:: Task to complete ::
The needed output is the run of lines below from the one containing "Snackbox met RVS binnenzijde" through the one containing "Auto vojenské plast", copied exactly and free of pictures.

:: Exercise data ::
= = =

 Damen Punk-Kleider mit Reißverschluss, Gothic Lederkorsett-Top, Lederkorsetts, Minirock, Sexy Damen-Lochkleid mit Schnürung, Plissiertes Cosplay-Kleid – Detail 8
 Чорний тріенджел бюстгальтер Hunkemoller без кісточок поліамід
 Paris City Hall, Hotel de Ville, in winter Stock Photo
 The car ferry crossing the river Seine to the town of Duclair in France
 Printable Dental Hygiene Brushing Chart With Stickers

= = =

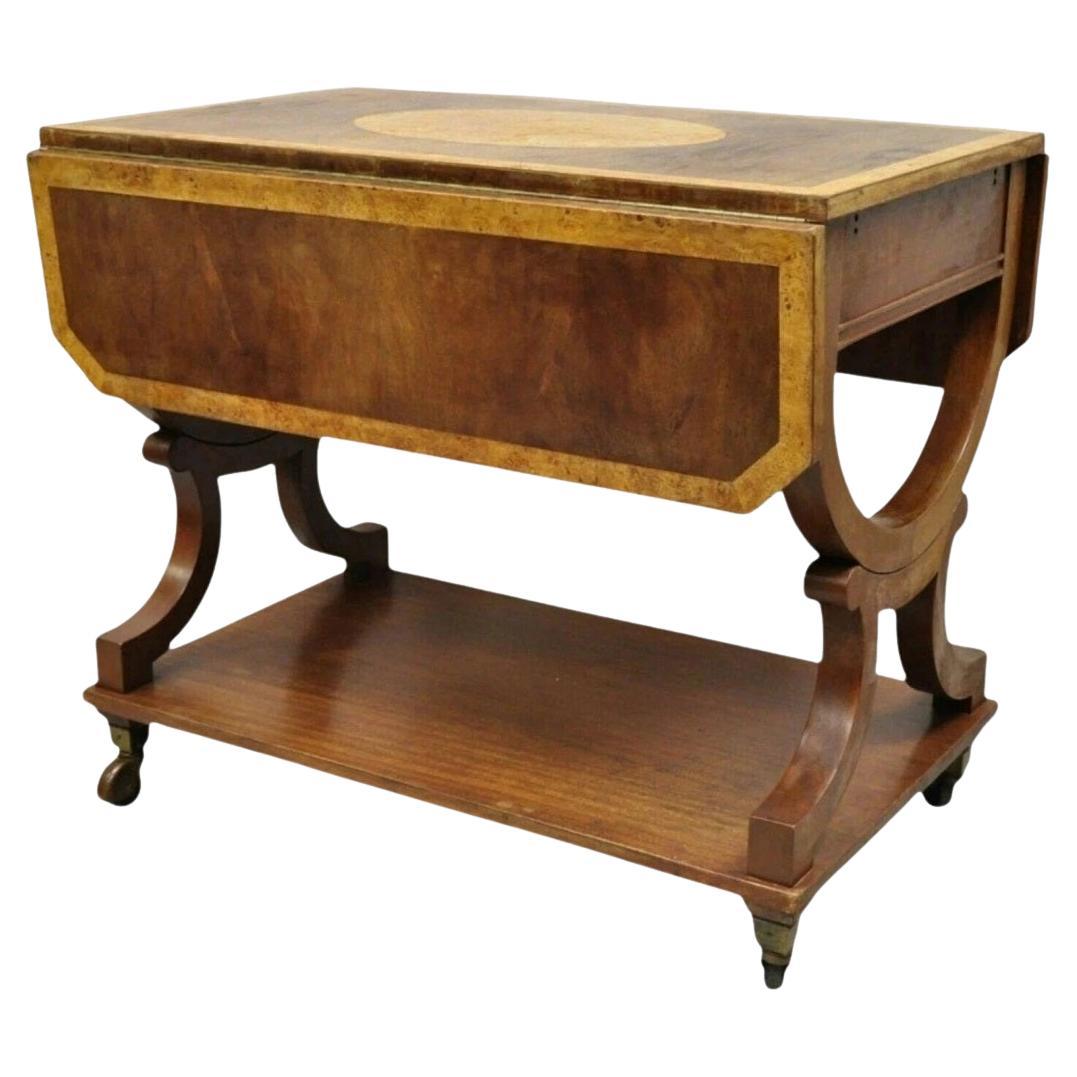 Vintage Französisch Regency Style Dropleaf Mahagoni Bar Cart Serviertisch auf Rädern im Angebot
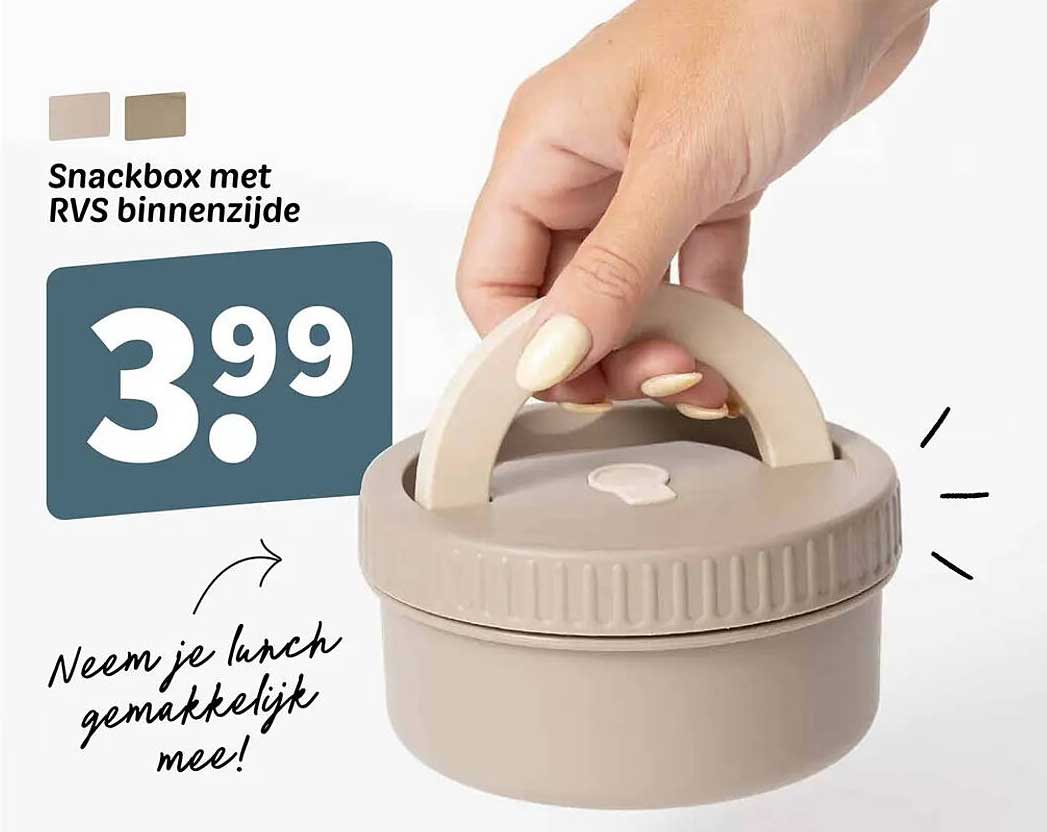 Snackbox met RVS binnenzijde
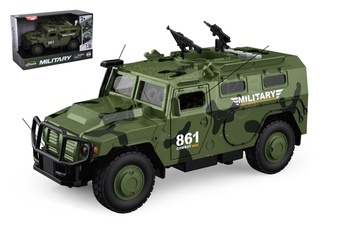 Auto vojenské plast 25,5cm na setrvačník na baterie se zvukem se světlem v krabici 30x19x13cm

= = =

:: Response box ::
 Snackbox met RVS binnenzijde
 Auto vojenské plast 25,5cm na setrvačník na baterie se zvukem se světlem v krabici 30x19x13cm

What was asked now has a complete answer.